A Florida woman faces criminal charges for the death of a 2-year-old girl in her care who was
left behind for seven hours inside a
hot
vehicle
.
Juana Pérez-Domingo, 43, was charged with aggravated homicide of a minor and is being held on a bail of $ 50,000.
According to the Miami-Dade police complaint, the woman was charged with taking the little girl to daycare on Friday morning in Homestead, but since it was still early, she headed home.
But he got distracted,
turned off the car engine and forgot the girl inside the vehicle
, who was tied with a seat belt, on a day when the temperature in that area of South Florida exceeded 80 degrees Fahrenheit.
Juana Pérez-Domingo, 43 years old.
Miami-Dade County Corrections
When Pérez-Domingo returned to the car, the girl was found dead
and instead of calling the emergency line, he contacted the mother directly, to whom he reported what had happened.
“I left work at 3:00 pm and I called [Pérez-Domingo] at 3:11 pm and she did not answer me.
Then I called him again at 3:35 pm and he didn't answer me again.
I called her twice and she finally answered me,
she told me that 'the girl is already dead,
' "recalled Elvia Méndez, mother of the minor, in an interview with the local station Telemundo 51.
[A 3-year-old Latina girl abandoned by her mother in the car to tend a marijuana crop dies of heat]
The mother asserted that she rebuked Pérez-Domingo - who does not have a driving license - to tell her details of what happened because "she [the daughter] was not ill."
"I took her, I hugged my girl, but she was already dead,"
lamented the mother.
The minor was taken to a medical facility in Homestead, where her death was certified.

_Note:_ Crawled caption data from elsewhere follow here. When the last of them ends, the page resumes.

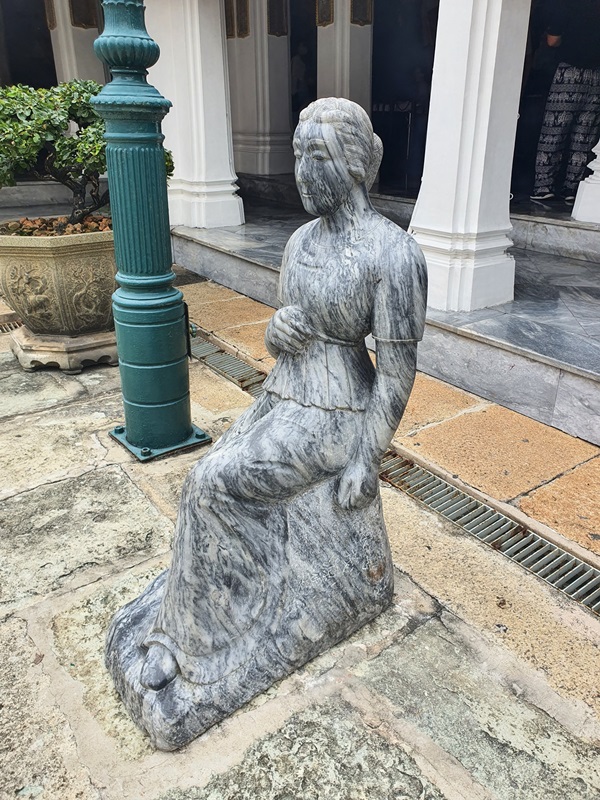 รูปปั้นหินโบราณ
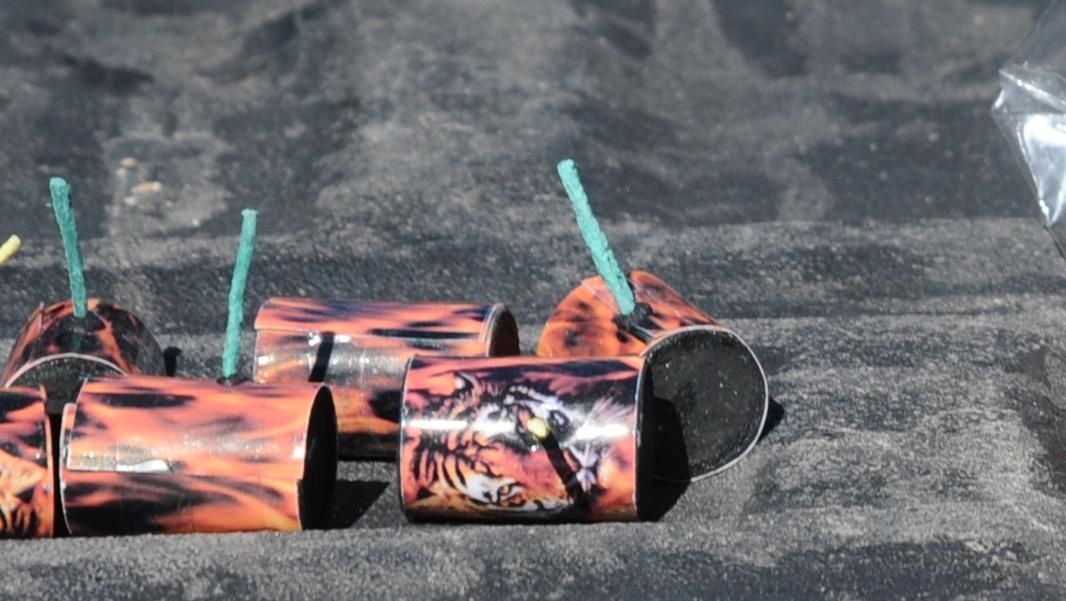 Adolescente perderá varios dedos tras explotarle un cohete 'Garra del tigre' en Sinaloa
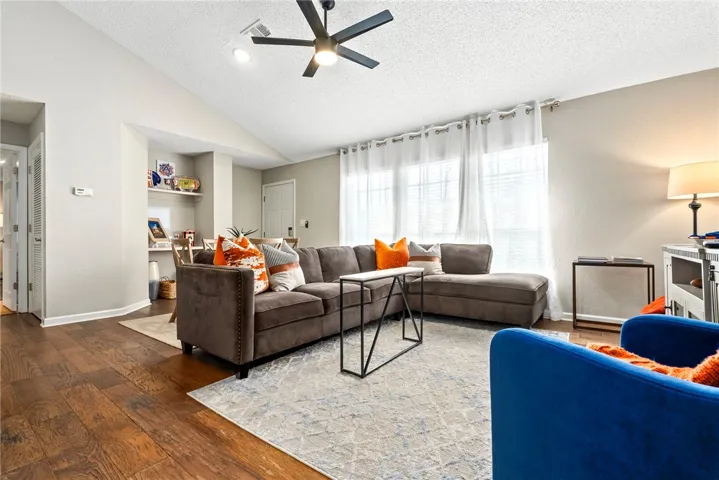 Welcome to Auburn Crossing!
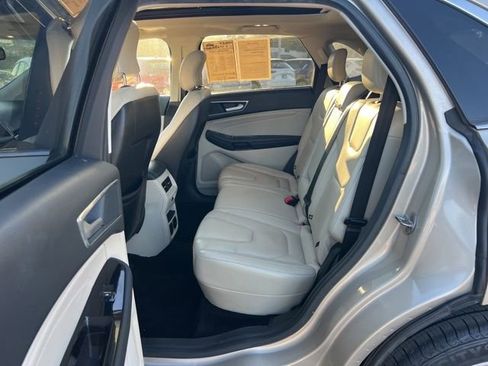 Used 2018 Ford Edge Titanium w/ Equipment Group 301A image 25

"He told me, early, 'I love you, mommy'
(I love you, mommy)," recalled the mother of the deceased girl who asked for help with the funeral.
"He killed my daughter, I don't know what to do."
Florida is the second state with the highest number of child deaths in vehicles from heatstroke in the last two decades, according to
KidsAndCars.org.
Crime continues to rise in several major US cities.
May 19, 202100: 25
To date, eight children have died in the United States from being inside a vehicle at high temperatures, and
in 2020 another 25 died
from the same causes, according to data from the
No Heat Stroke
organization
.
[Fifty children have died forgotten in cars. The most recent victim spent a full day]
The same source ensures that
from 1998 to this Sunday a total of 891 minors have died from hyperthermia
, an annual average of 38 deaths.
More than half of the deaths (54%) in the period 1998-2020 were of children under 2 years of age, with 53% of the total deaths due to negligence or forgetfulness of their supervisors, according to the organization.